• **Your assignment**:
Repeat, exactly and with no pictures, the lines that run from the beginning of the entries through the line containing "Colorful Flower Necklace Bracelet Set".

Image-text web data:
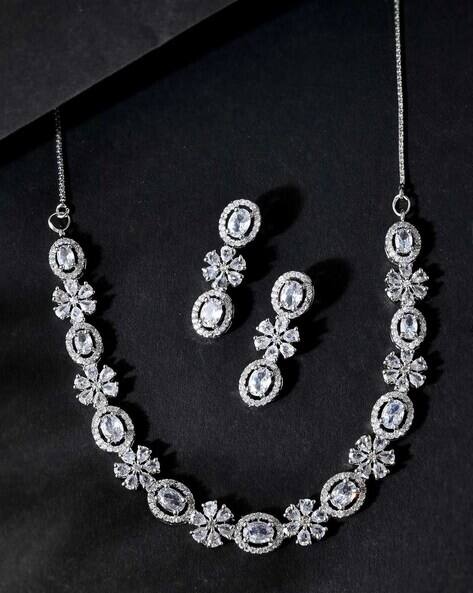VALLEY OF JEWELLERY (VOJ) Women Silver-Plated Stone-Studded Necklace & Earrings Set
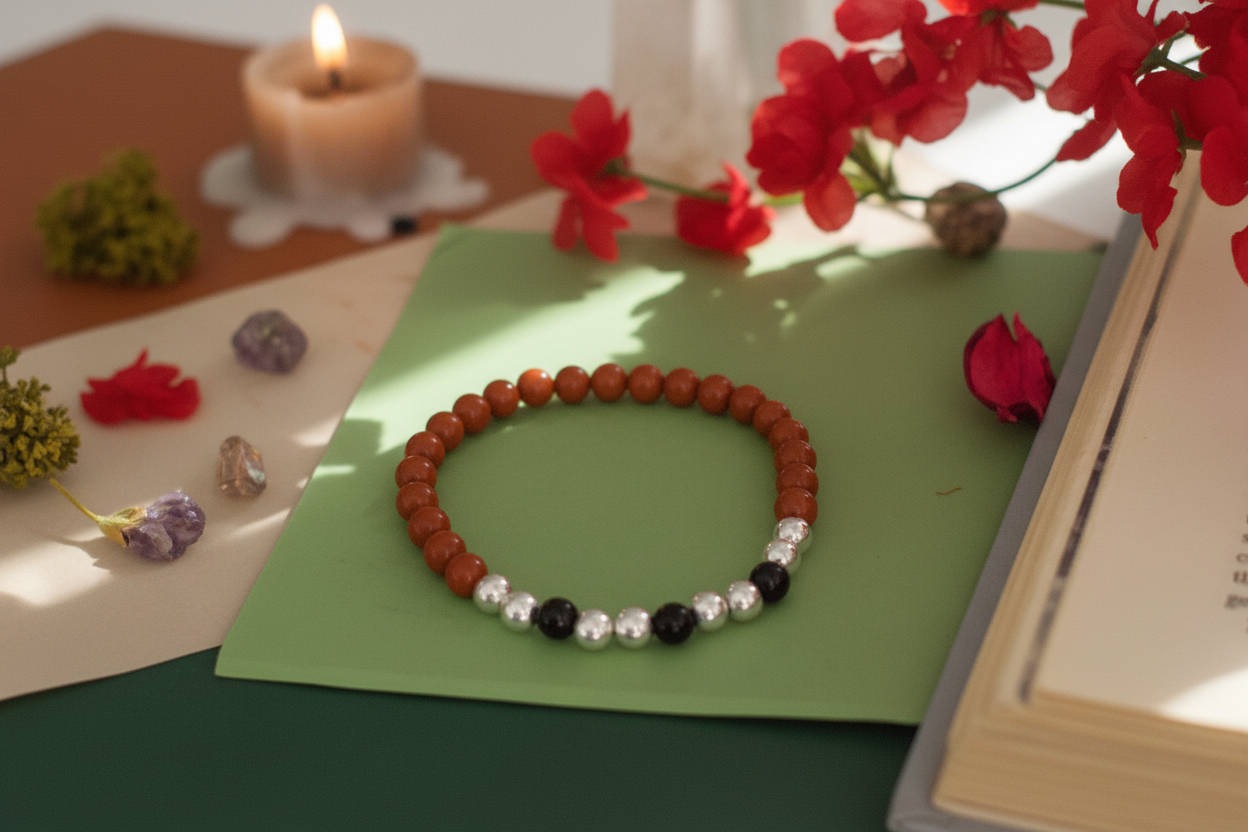 Bracelet with red beads on a green surface with flowers and candles in the background
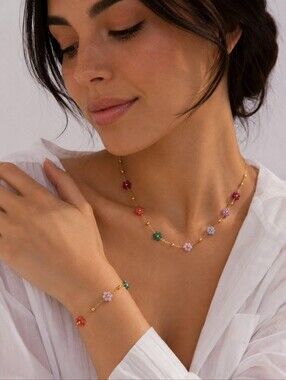 Colorful Flower Necklace Bracelet Set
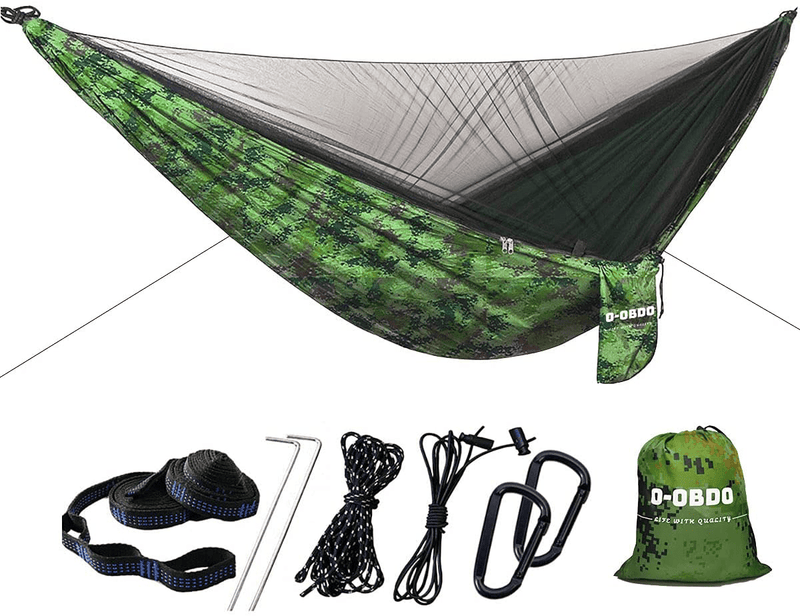 Camping Hammock with Mosquito/Bug Net,Lightweight Portable Single/ Double Parachute Hammock with 2 Tree Straps,Net Hammock for Indoor,Outdoor,Backyard,Hiking,Backpack,Travel,Jungle,Tree,Beach Sporting Goods > Outdoor Recreation > Camping & Hiking > Mosquito Nets & Insect Screens O-OBDO Camo  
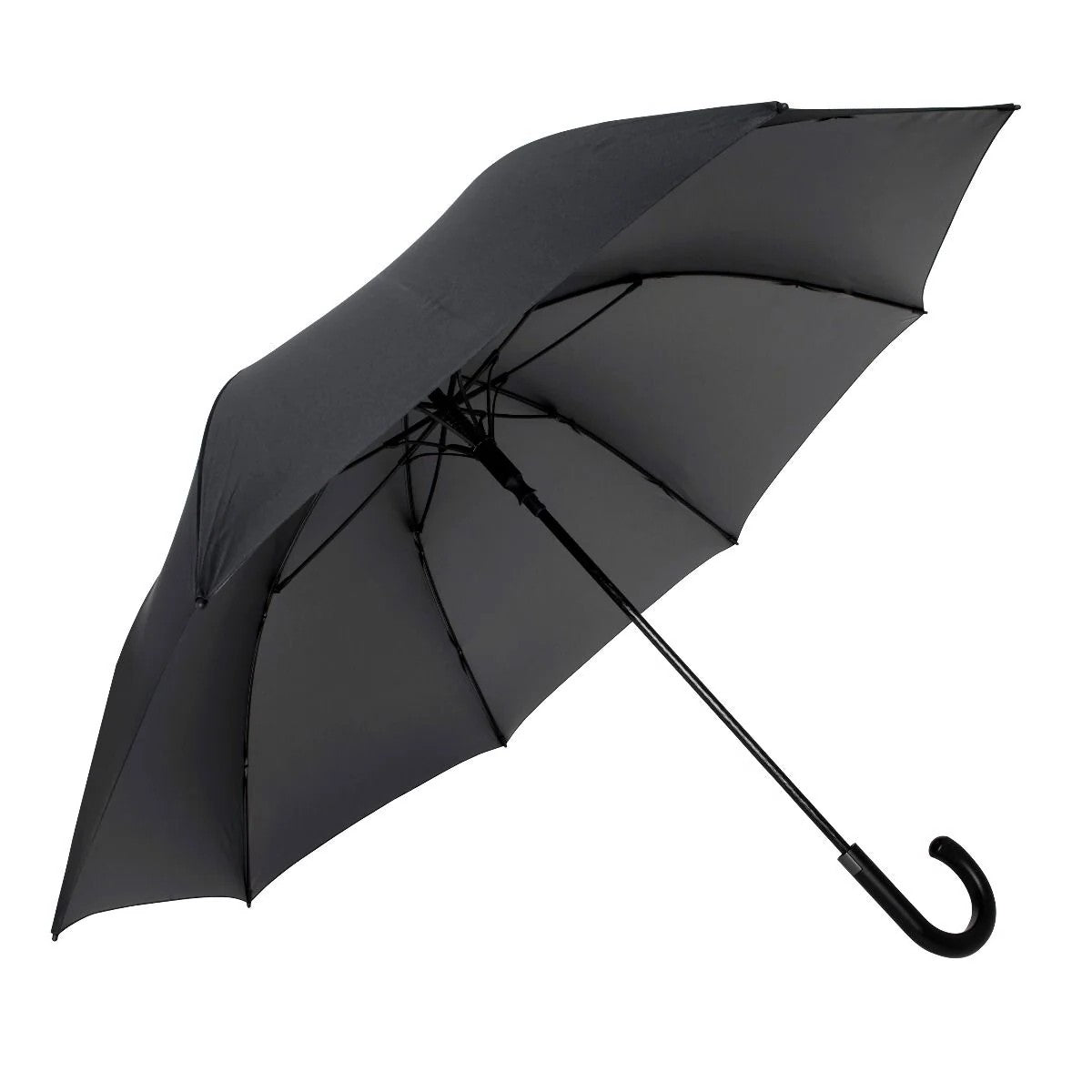 The Zeta Pro Auto Large Walking Umbrella - Black | Full Fibreglass | Windproof | 120cm Canopy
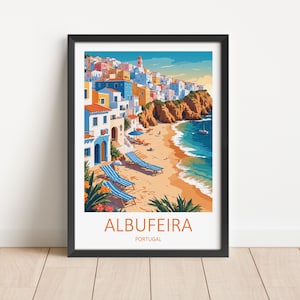 Albufeira Reise - Portugal Wandkunst Albufeira Poster Portugal Print Kunst Liebhaber Geschenk Reise Geschenk Portugiese Decor Home Wandbehang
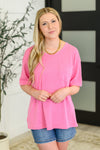Take It Easy Slouchy Tee in Hot Pink - Maple Row Boutique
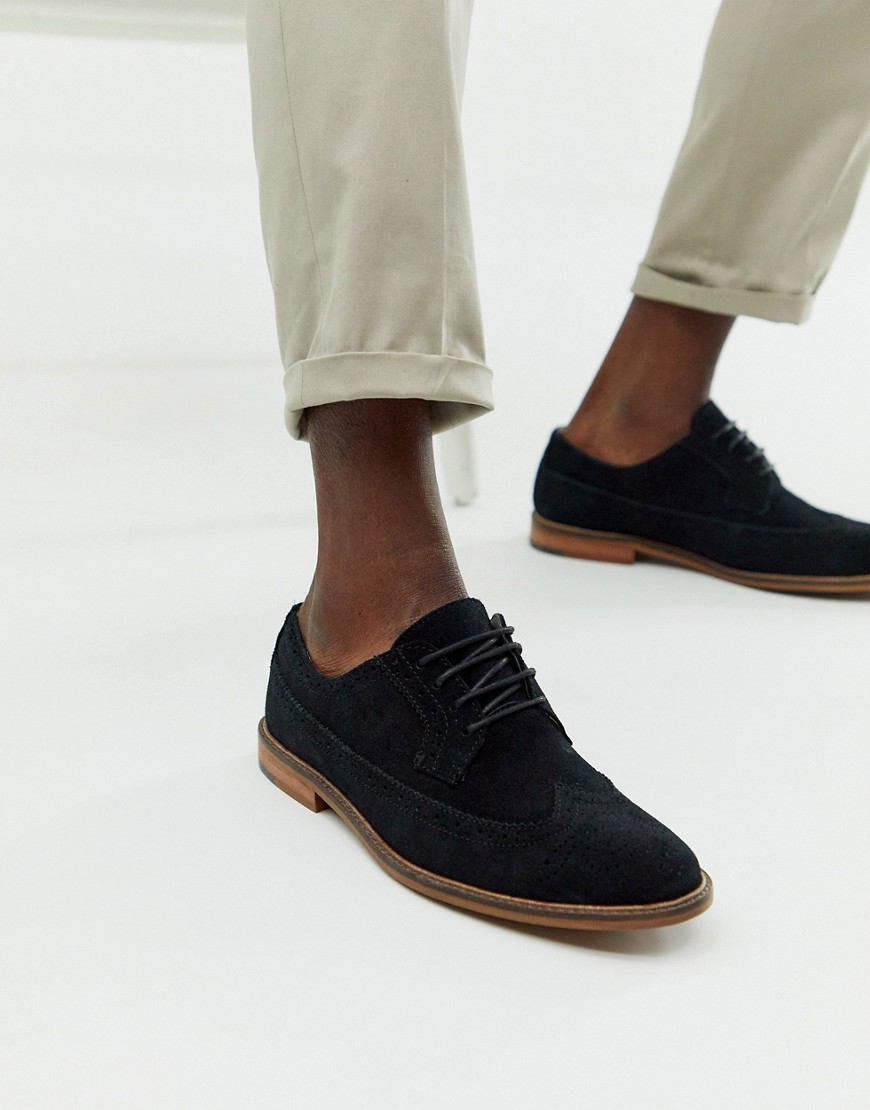 Burton Menswear shoe in black suede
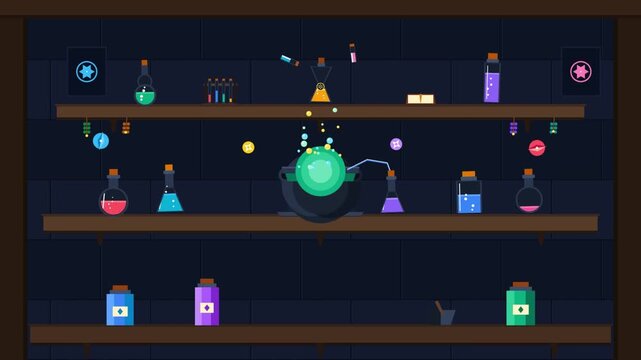 Magical Alchemy Setup with Bubbling Cauldron in a Dark Wizard Laboratory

• **Solution to this exercise**:
VALLEY OF JEWELLERY (VOJ) Women Silver-Plated Stone-Studded Necklace & Earrings Set
 Bracelet with red beads on a green surface with flowers and candles in the background
 Colorful Flower Necklace Bracelet Set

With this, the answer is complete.